== EXERCISE BRIEF ==
Copy the lines below exactly, starting at the one with "Three framed and" and ending at the one with "Vintage Style Horse", and leave out any picture.

== DATA SUPPLIED ==
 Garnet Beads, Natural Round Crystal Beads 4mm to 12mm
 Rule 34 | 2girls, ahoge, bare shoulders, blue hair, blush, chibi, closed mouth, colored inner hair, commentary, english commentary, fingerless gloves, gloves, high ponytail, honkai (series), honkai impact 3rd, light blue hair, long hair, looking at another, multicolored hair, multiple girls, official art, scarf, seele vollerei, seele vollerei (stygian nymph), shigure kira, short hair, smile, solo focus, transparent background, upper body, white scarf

--

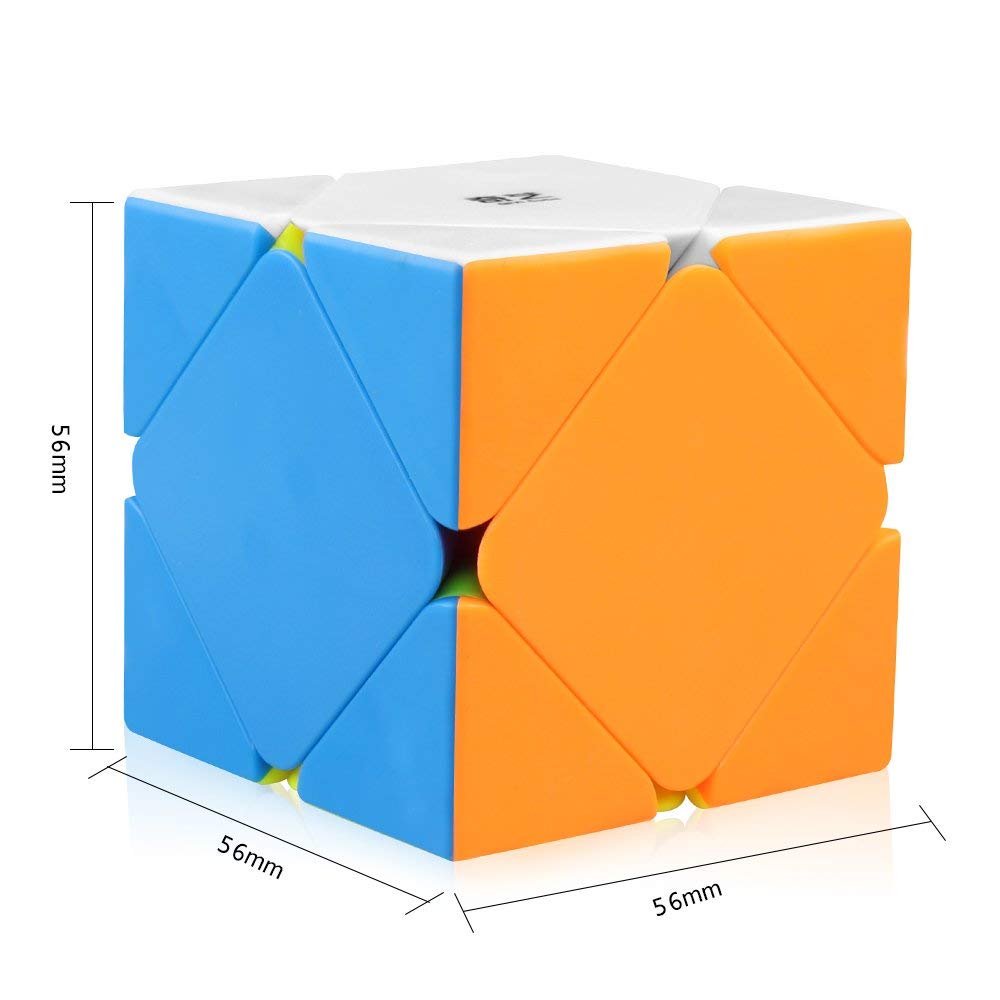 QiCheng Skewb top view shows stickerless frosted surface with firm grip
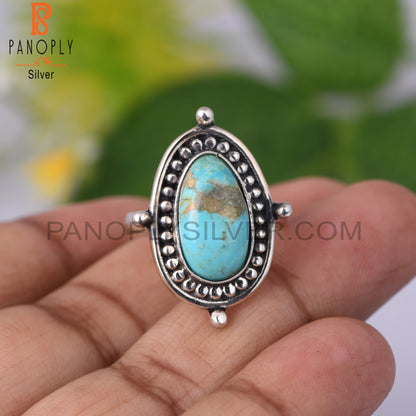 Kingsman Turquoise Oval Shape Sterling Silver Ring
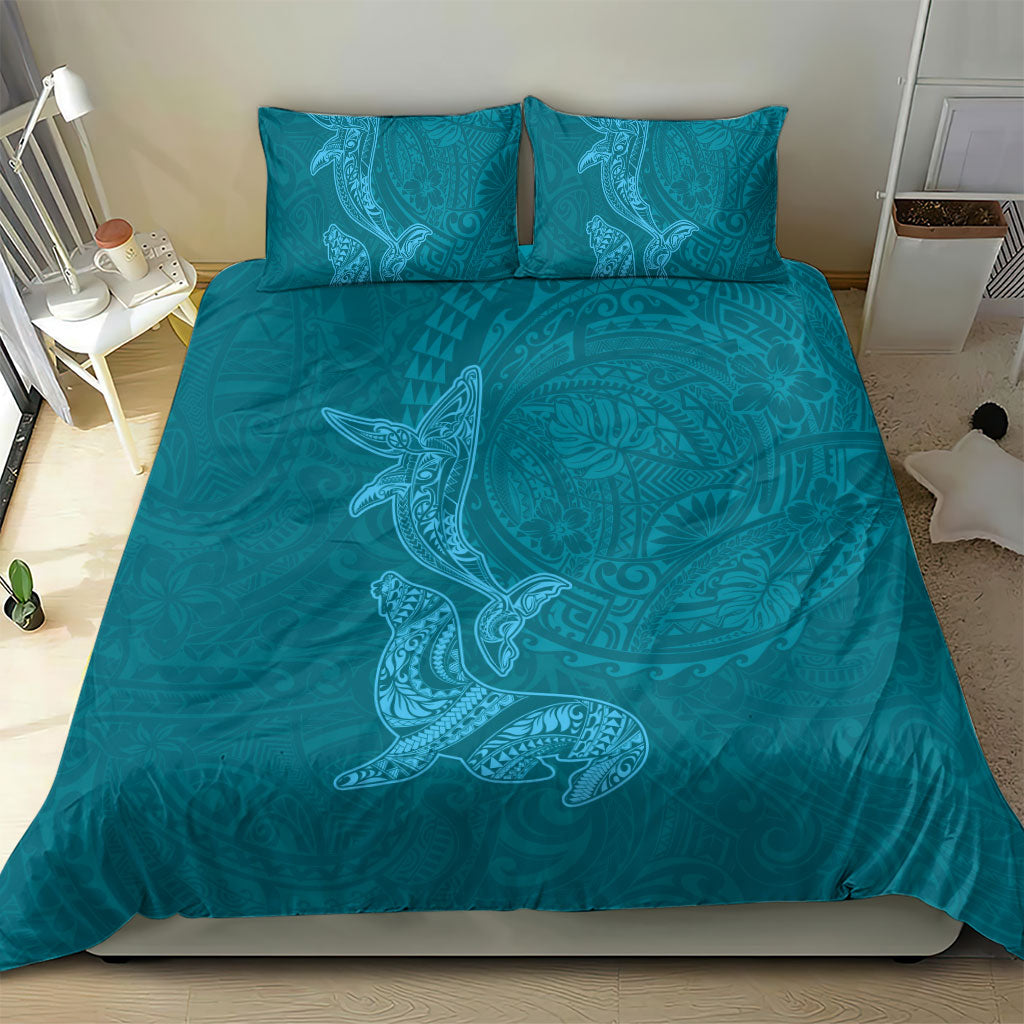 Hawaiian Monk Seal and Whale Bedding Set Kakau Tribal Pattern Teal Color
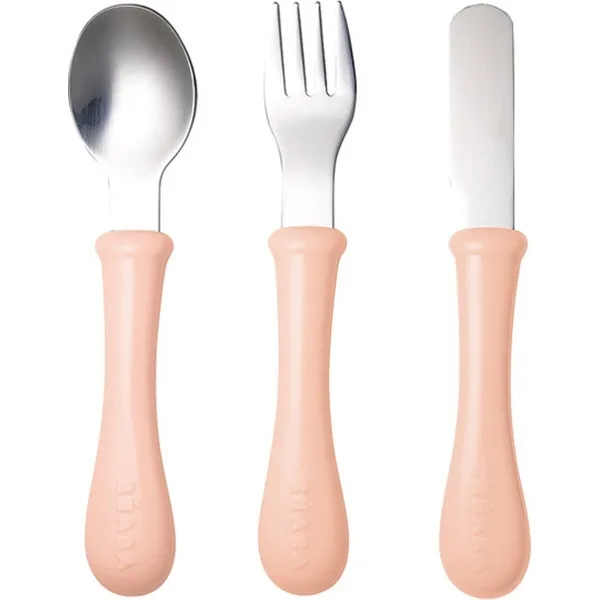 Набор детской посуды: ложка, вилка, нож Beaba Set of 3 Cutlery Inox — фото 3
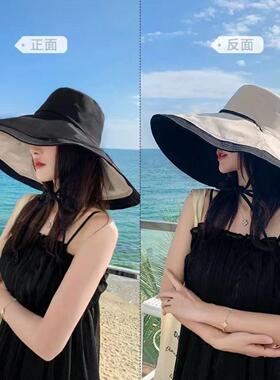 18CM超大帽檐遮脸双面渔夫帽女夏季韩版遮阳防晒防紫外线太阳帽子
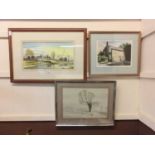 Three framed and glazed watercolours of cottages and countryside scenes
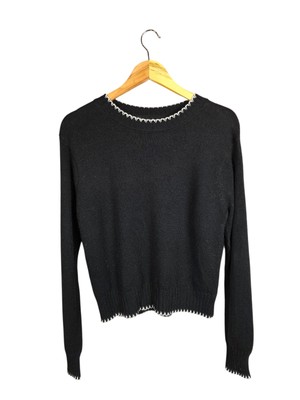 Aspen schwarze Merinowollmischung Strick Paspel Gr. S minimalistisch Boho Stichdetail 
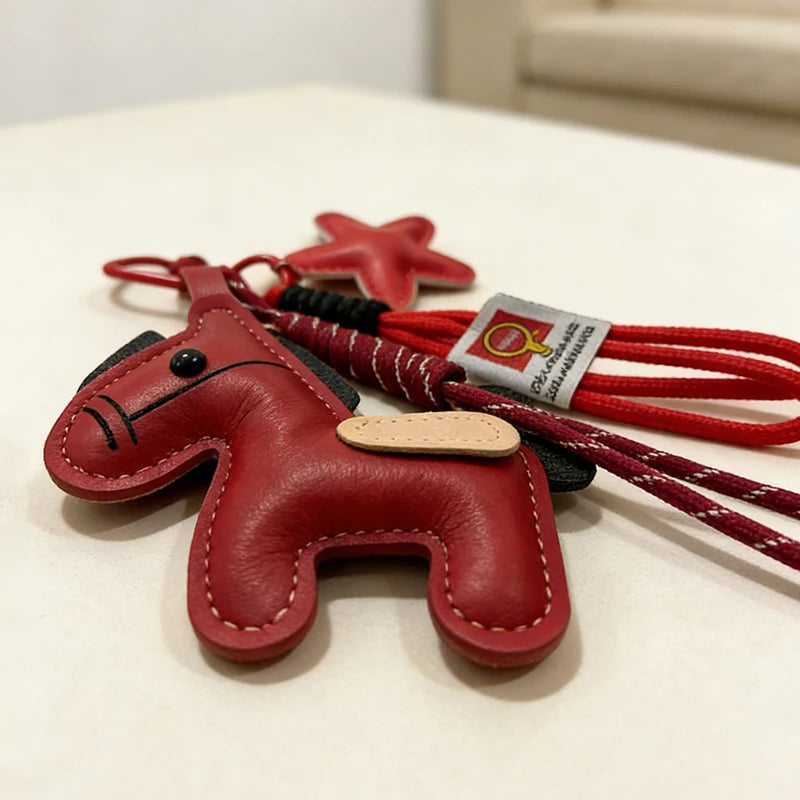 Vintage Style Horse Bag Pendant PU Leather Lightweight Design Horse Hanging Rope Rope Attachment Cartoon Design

== YOUR SOLUTION ==
 Three framed and glazed watercolours of cottages and countryside scenes
 Aspen schwarze Merinowollmischung Strick Paspel Gr. S minimalistisch Boho Stichdetail 
 Vintage Style Horse Bag Pendant PU Leather Lightweight Design Horse Hanging Rope Rope Attachment Cartoon Design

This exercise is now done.